I have a problem with my index transformation and already tried so many different versions but nothing helped:
My documents in the source index look like:
{
"content" : {
"creationTime" : "2022-07-25 16:00:49 +02:00",
"orderId" : "552313",
"state" : "SUCCESS",
"category" : "catA"
},
"latestUpdate" : "2022-11-29 18:42:08 +01:00"
}
}
I want to use transforms to put the orders into time-buckets of 1minute (I originally wanted to use 30minutes, but I noticed that only 1 minute or 1 hour is supported but nothing in between, right?) and filter out orders with the state ERROR.
Every time, the data gets updated, the timestamp "latestUpdate" also changes to the current time.
My source index is updated every 10 minutes and overwrites some documents of the last week, since the status-field-entry changes.

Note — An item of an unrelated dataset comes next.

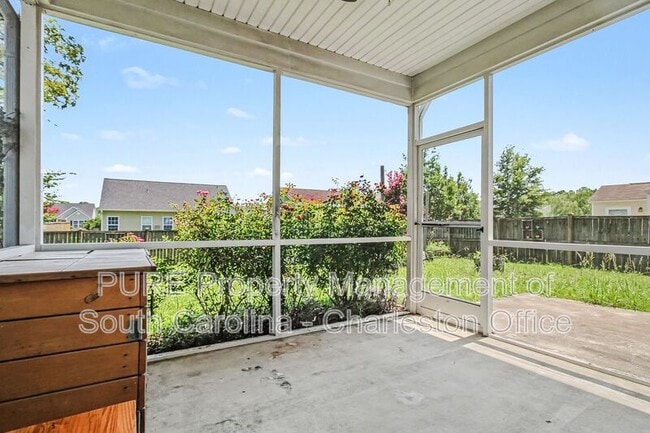 Building Photo - 407 Greywood Ln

My transform request looks like this:
PUT _transform/transform_my_index001
{
"source" : {
"index" : "my_index",
"query": {
"bool": {
"must_not":[
{"term":{"content.state":"ERROR"}}
]
}
}
}
},
"pivot": {
"group_by": {
"creation_time": {
"date_histogram": {
"field": "content.creationTime",
"calendar_interval": "1m",
"time_zone": "Europe/Berlin"
}
},
"portal": {
"terms": {
"field": "content.portal"
}
}
"category": {
"terms": {
"field": "content.category"
}
}
},
"aggregations": {
"order_count" : {
"value_count": {
"field": "content.state"
}
}
}
},
"description": "Transform pipeline to put orders into a new index.",
"dest": {
"index": "aggregated_orders001"
},
"settings" : {
"align_checkpoints" : false
},
"frequency": "5m",
"sync": {
"time": {
"field": "latestUpdate",
"delay": "60s"
}
}
}
The transform works for both old documents and new incoming documents but not for the updates. So if the state of one document changes to ERROR, the document is still being counted in the transformed index. I thought that this would be the perfect case for using the continous mode with my 'latestUpdate' field but apparently, I do something wrong... I found this "align_checkpoints" setting and hoped that this would help, but it still doesn't update the counts correctly. Do I maybe need to tell Elastic the time-format of the latestUpdate field, or the time zone?
Also: is there a better way to count the documents in the groups than choosing some field like content.state and do a value_count?
Any help would be very welcome and appreciated.